Something shifts in his expression. The carefully neutral look he’s been wearing all morning cracks, just slightly. “I hurt you.”
“You didn’t.” I hold his gaze. “Or—you did, at first. And then you didn’t, and I didn’t want you to stop. That part was real, Wyatt. All of it was real.”
He’s quiet for a long moment, those hazel eyes searching mine like he’s looking for the lie in it. He won’t find one.
“I couldn’t stop,” he says finally, his voice rough.
“I know,” I agree. “And I should have told you before. So we’re even.” I reach up and curl my fingers into the front of his jacket—lightly, giving him every chance to step back. He doesn’t. “I only have a limited time on this island. I don’t want to spend them pretending last night didn’t happen.”
Something loosens in him. I feel it before I see it—his shoulders dropping a fraction, the tension around his jaw easing. His hands come out of his pockets.
“Neither do I,” he says quietly.
I tilt my face up, and he meets me halfway, his mouth finding mine in a kiss that’s nothing like the desperate heat of last night.
This is slower. Deliberate. A question asked and answered at the same time.
His hand comes up to cup the back of my head, and I lean into him and feel the knot that’s been wound tight in my chest since I woke up this morning come undone.
When he pulls back, those hazel eyes are closer than I’m ready for. “Get your work done,” he murmurs against my lips. “I’ll be here when you’re finished.”
The promise in it does something warm and reckless to my chest.
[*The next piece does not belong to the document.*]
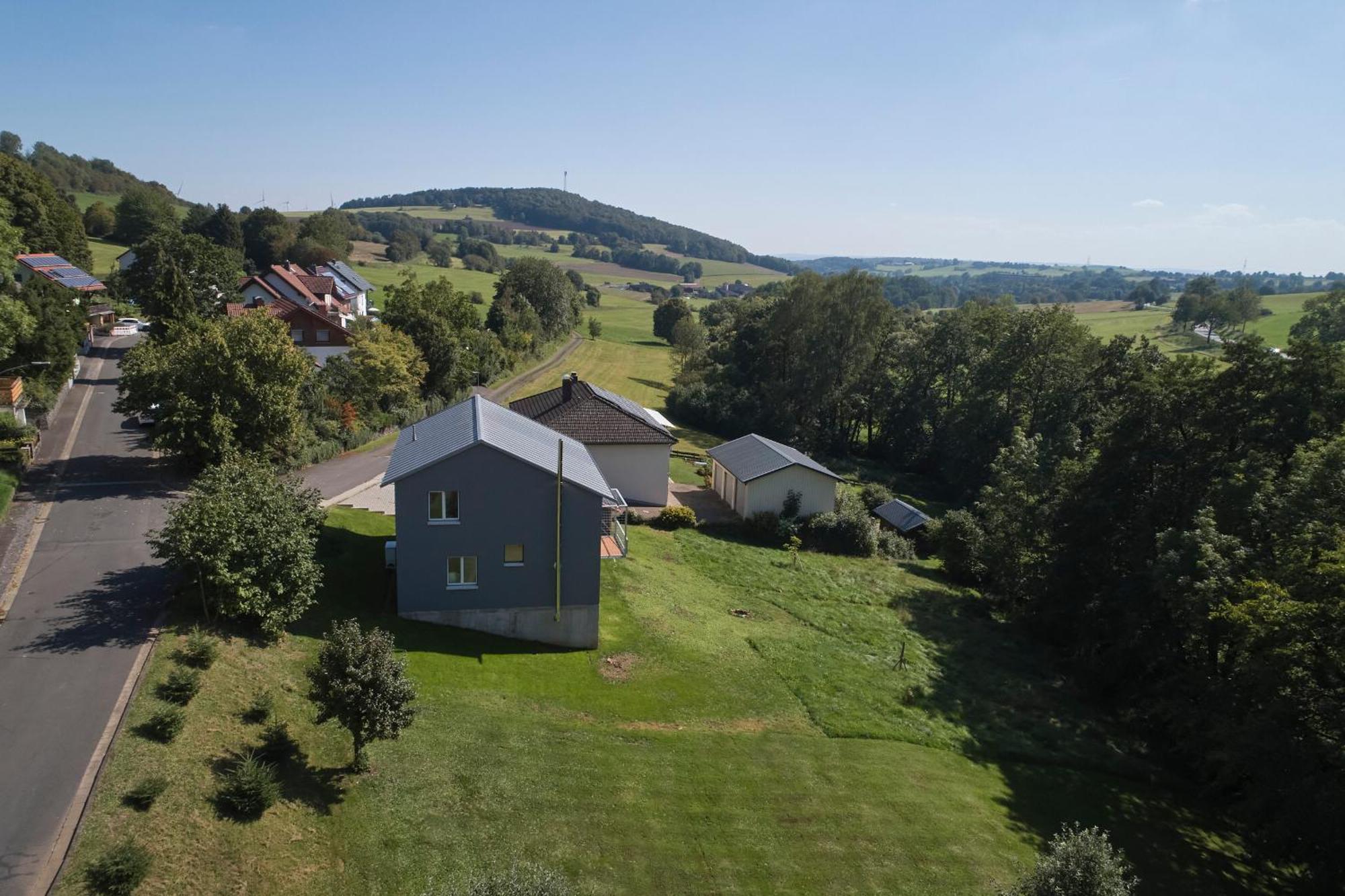 Freiensteinau Ferienhaus "Klotz Am Berg" 빌라 외부 사진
“Don’t go far,” I tell him.
The corner of his mouth moves—the closest thing to a smile I’ve seen from him—and he steps back and tucks his hands into his pockets again, turning toward the cliff edge.
I watch him for a moment, then turn back to the sea lions with my bag in my hands and a completely foolish grin on my face that I make no effort to hide.
I reach into my bag and take out my camera, taking as many photos as I can before grabbing my notebooks to record my observations. I force my thoughts away from the man standing somewhere behind me and focus on work.
Those sea lions are depending on me not to fail!